=== Activity ===
Pictures stay out of the copy; set down each line of the listing below exactly.

=== Data provided ===
····················

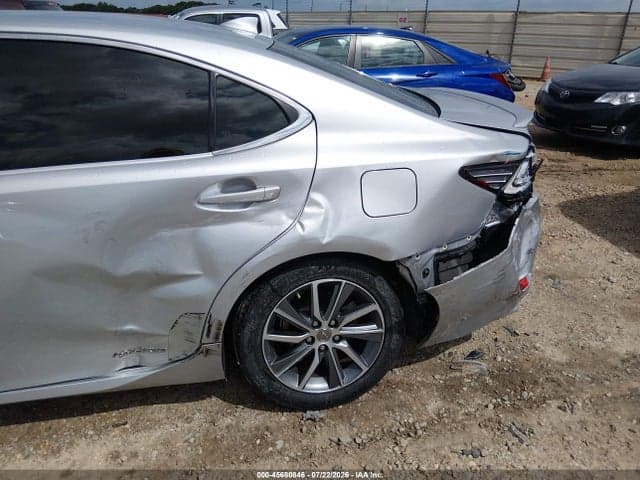 2018 LEXUS ES 300H 6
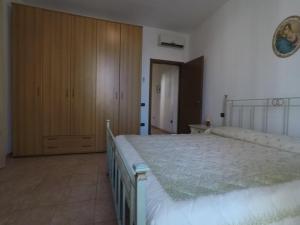 1 dormitorio con 1 cama grande y armario de madera en Elisabeth, en San Benedetto del Tronto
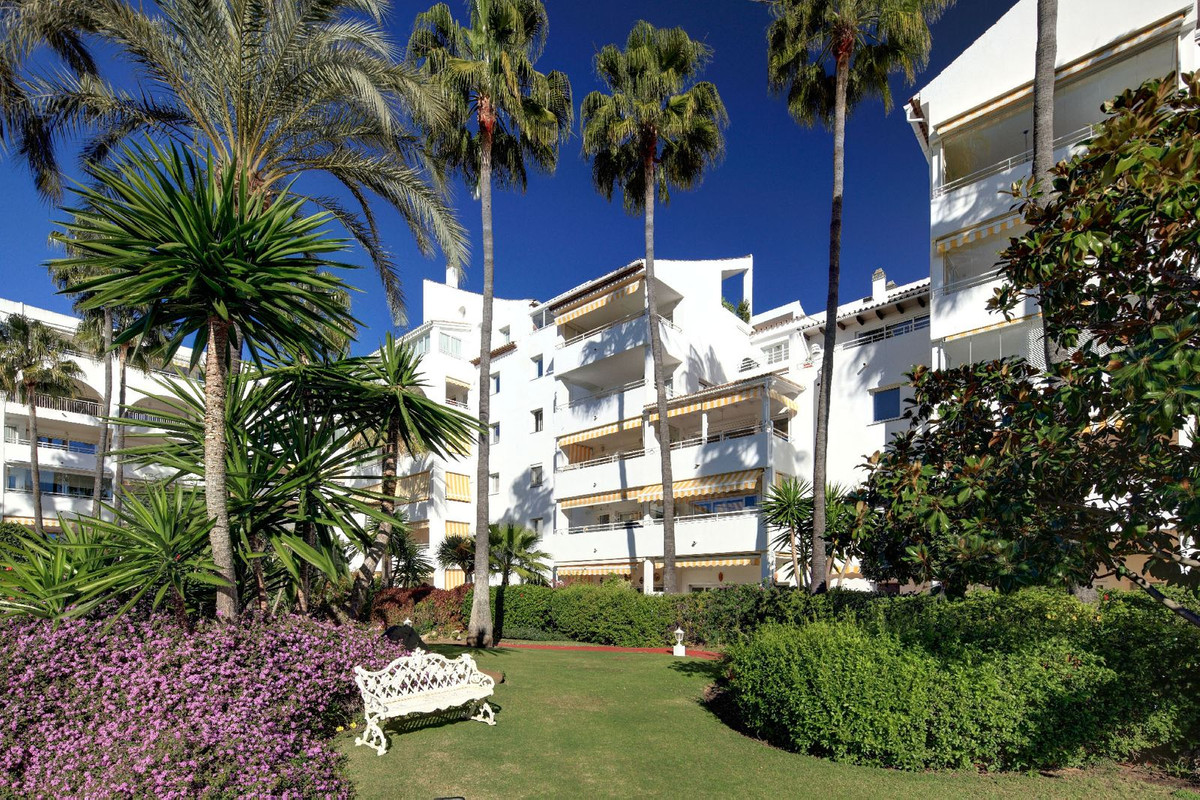 3 Bed Apartment for sale in Atalaya Costa Del Sol, Málaga, Spain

····················

=== Response box ===
 2018 LEXUS ES 300H 6
 1 dormitorio con 1 cama grande y armario de madera en Elisabeth, en San Benedetto del Tronto
 3 Bed Apartment for sale in Atalaya Costa Del Sol, Málaga, Spain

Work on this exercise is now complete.